In reminiscing about his time as the district’s administrator, Harrison said, “I’ve lived in the community since 1974, so I’ve been a part of this community. And to work in the community in which I’ve lived for a long time has been special. I have a lot of friends and I enjoy the staff that I work with here at the district and the board. They’re all very dedicated and we’re all on the same page. We’ve accomplished some good things in the community. So, it’s been very rewarding. I’ve enjoyed being part of progress and seeing good things happen in the community. It’s sad to walk away from that, but I’m still involved in the community. I’m currently vice president of the Kiwanis Club (of Carmichael). I’m a volunteer for Mercy Hospice and I have a lot of outdoor interests I’d like to pursue like tennis, biking (and) fishing. I also have a lot of projects that I’d like to do at home, and most importantly, I have two granddaughters in the area who I look forward to spending more time with.

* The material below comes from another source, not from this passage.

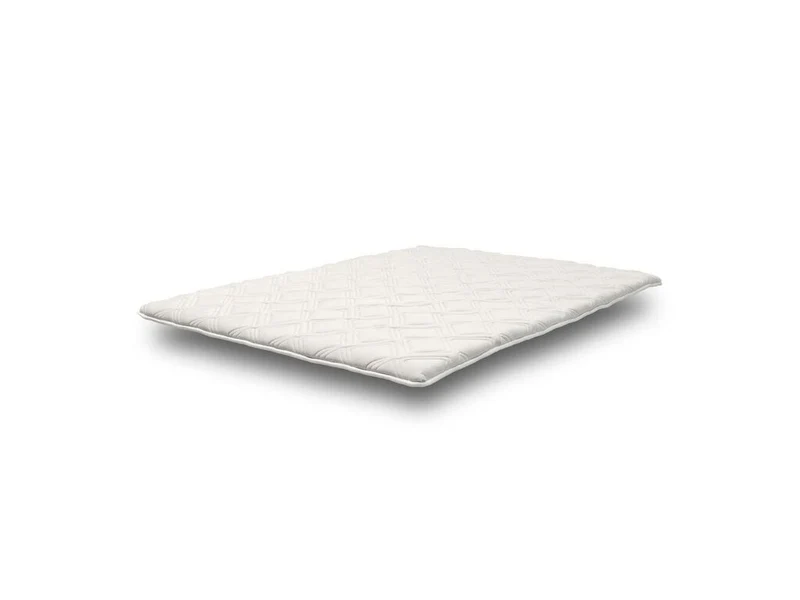 TOPPER DUPEN VISCO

I also want to volunteer more in the community.”
He added that he may also play golf on a regular basis with a group of retired park professionals, and assist the district with some projects, if he is presented with such opportunities.

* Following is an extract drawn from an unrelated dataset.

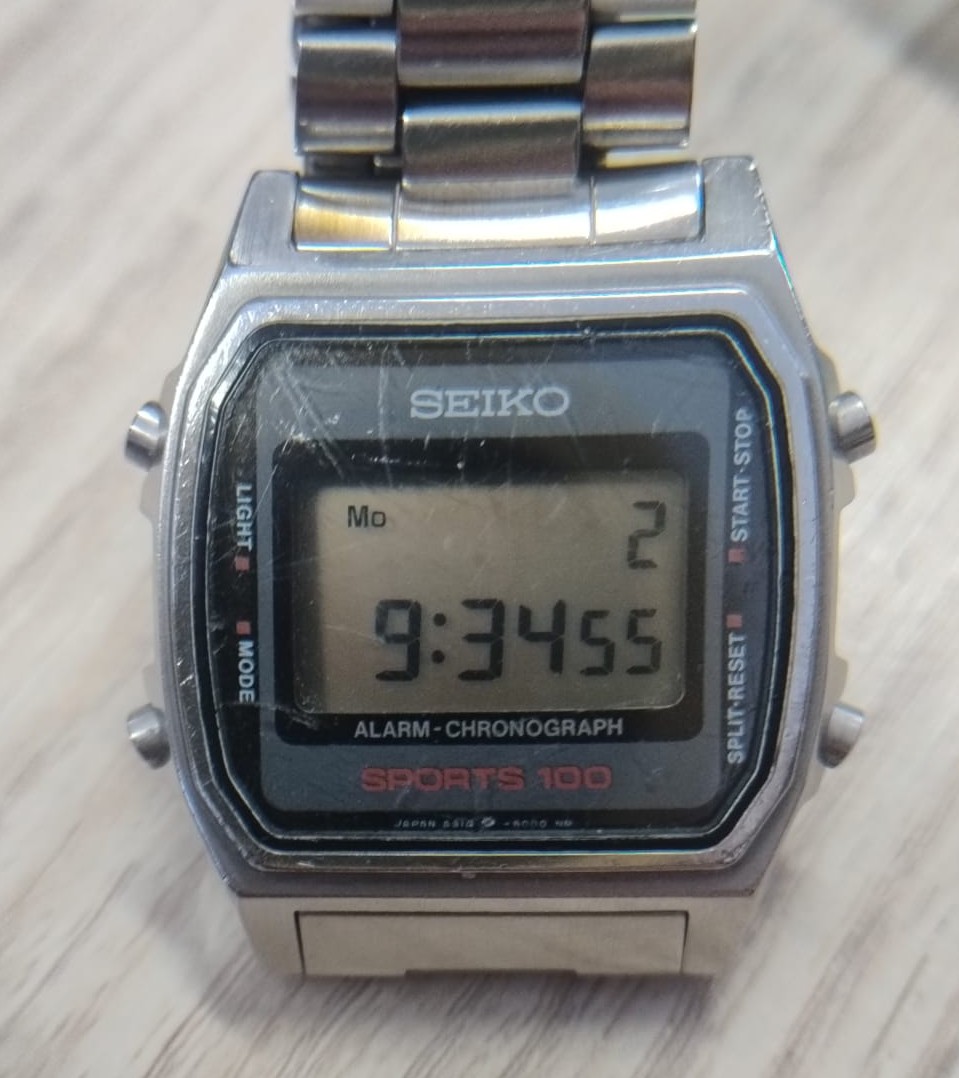 WhatsApp Image 2026-03-02 at 09.34.26.jpeg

Harrison, who is also a member of the Carmichael-Old Foothill Farms community Planning Advisory Council, referred to some of the district’s greatest accomplishments under his direction.
One of these accomplishments was the development of Jan Park at 4310 Jan Avenue, O’Donnell Heritage Park at 6618 Rappahannock Way and Patriots Park at 6827 Palm Ave.
Other accomplishments included the establishment of a new master plan for the district, the acquisition of a grant to demolish the Carmichael Park pool and the placement of the reader board along Fair Oaks Boulevard at Carmichael Park.
Harrison, who will celebrate his 50th wedding anniversary next June with his wife, Nancy, emphasized that he is very appreciative of the support that District 3 Supervisor Susan Peters has provided to the district during his term.
“(Peters) has been actively involved to support us in every turn on everything that we’ve tried to do here that’s positive,” Harrison said. “So, Supervisor Peters deserves credit for a lot of progress that the park district has made during the seven years that I’ve been here.”
Although he said that he will miss serving as the district’s administrator, Harrison added that he felt that after dedicating so many years to that position, it was time for him to take a different direction in his life and allow someone else to replace him at the district office.
“It’s time to let someone else take the reigns,” Harrison said.